Orly Hummela

Orly Hummela


born in Israel, 1975
lives and works in Tel Aviv

The drinking fountain is of the type found in KKL/JNF forests throughout Israel, with slight but substantial differences: It lacks faucets, and it is displayed in a museum. The faucets were disconnected from the main pipe designed to facilitate the flow of water, and the remaining parts of the pipe float in the air, like a pencil line erased from drawing paper. Like Duchamp's Fountain (1917), which displayed a urinal in an artistic context, Hummel's drinking fountain is detached from its original context, accentuating the foreignness of the object that is no longer functional and reminding us of its original use, related to the body. Unlike Duchamp's urinal, Hummel's drinking fountain incorporates a collective memory related to the Zionist enterprise as part of the KKL/JNF's operations.
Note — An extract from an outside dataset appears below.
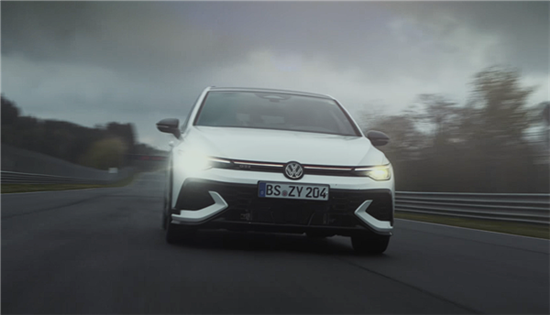 大众高尔夫GTI Edition 50战纽北 7分46秒13
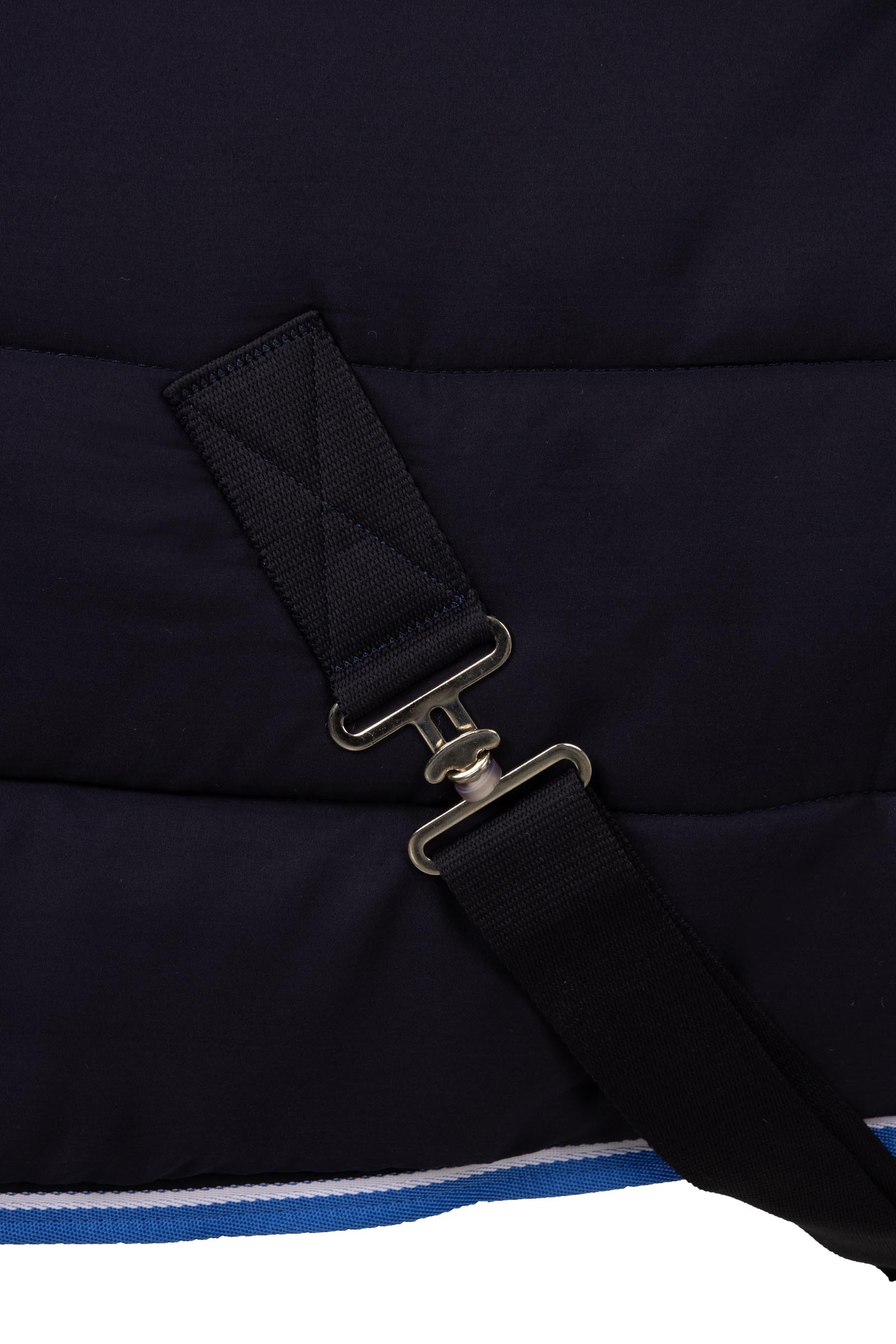 Couverture d'écurie /sous-couche avec couvre-encolure Horze Glasgow, 250 g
Cutting off the faucets not only converts a practical object to a useless condition. It is also a type of response to disturbing something that is whole - at the theoretical and political level, as well as the material level. Hummel's act of building the drinking fountain is opposed to the primary definition of readymade, but similar to Duchamp's act in 1964, when he created copies of the original readymades that were lost. The drinking fountain is shiny and new, without the signs of use and time that are evident on drinking fountains in the field. Thus, Hummel endows it with new functionality, as if it were a sort of memorial wall or monument.